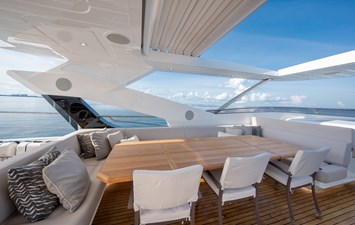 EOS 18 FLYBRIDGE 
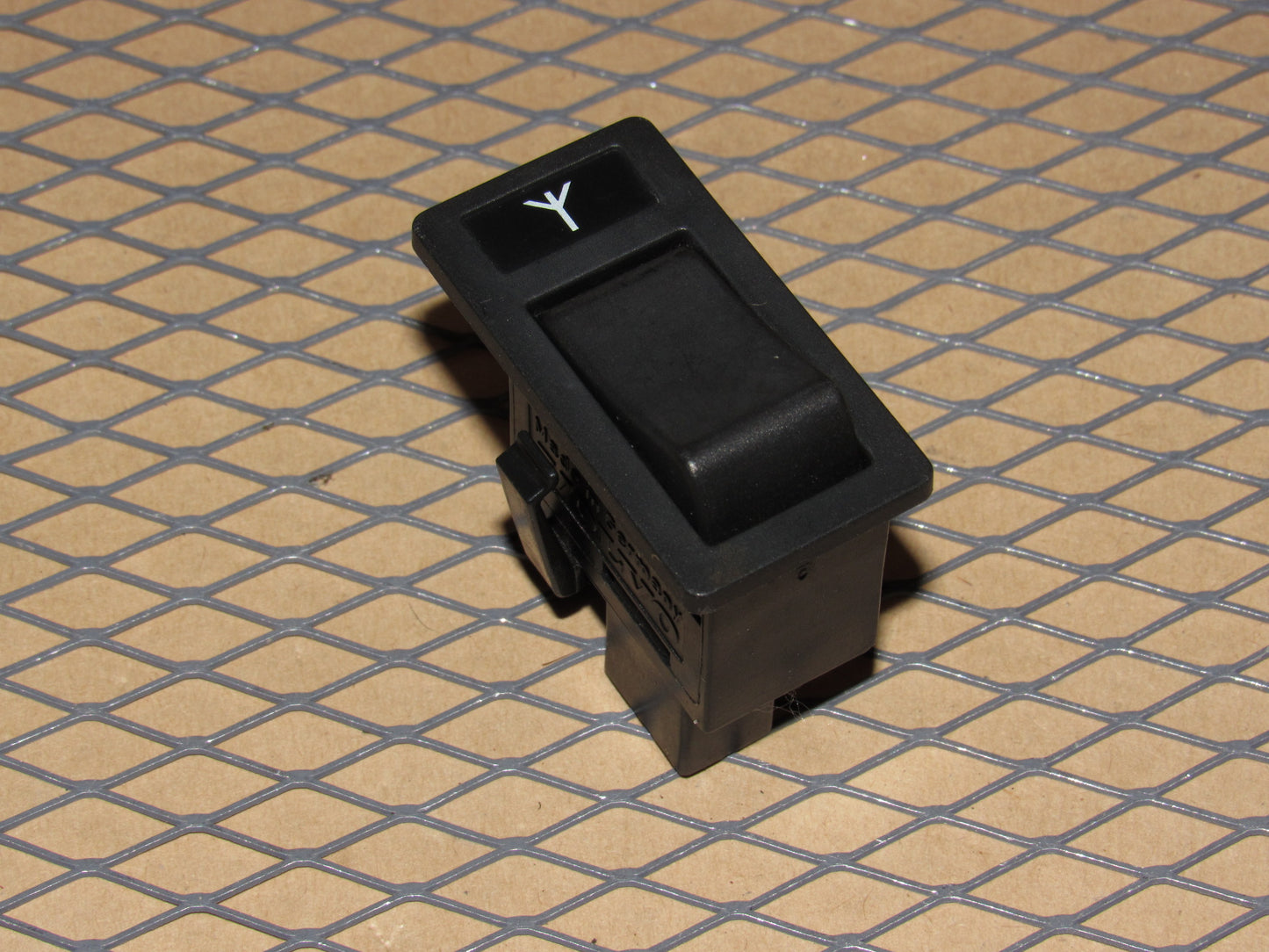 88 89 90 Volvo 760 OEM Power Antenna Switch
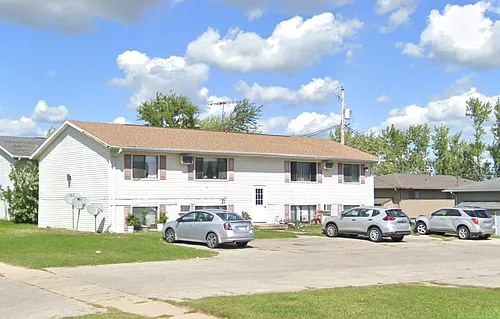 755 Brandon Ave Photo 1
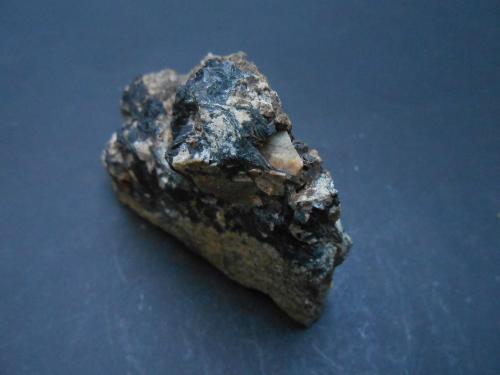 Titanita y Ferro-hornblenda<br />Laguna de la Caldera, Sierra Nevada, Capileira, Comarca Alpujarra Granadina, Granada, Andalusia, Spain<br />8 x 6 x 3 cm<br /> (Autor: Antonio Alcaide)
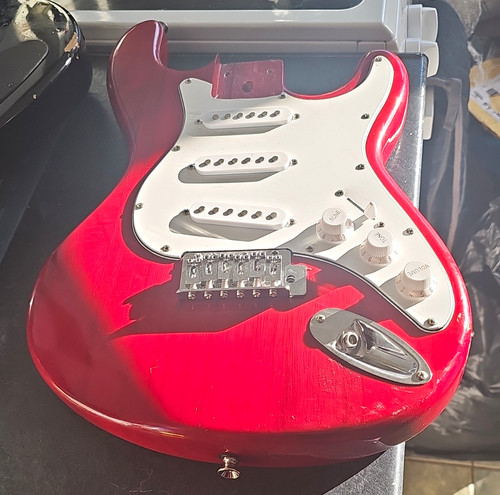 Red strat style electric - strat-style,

---*---

Everything from the line with "88 89 90 Volvo 760 OEM Power Antenna Switch" through the end of the records is to be repeated exactly. The pictures are not.

 88 89 90 Volvo 760 OEM Power Antenna Switch
 755 Brandon Ave Photo 1
 Titanita y Ferro-hornblenda<br />Laguna de la Caldera, Sierra Nevada, Capileira, Comarca Alpujarra Granadina, Granada, Andalusia, Spain<br />8 x 6 x 3 cm<br /> (Autor: Antonio Alcaide)
 Red strat style electric - strat-style,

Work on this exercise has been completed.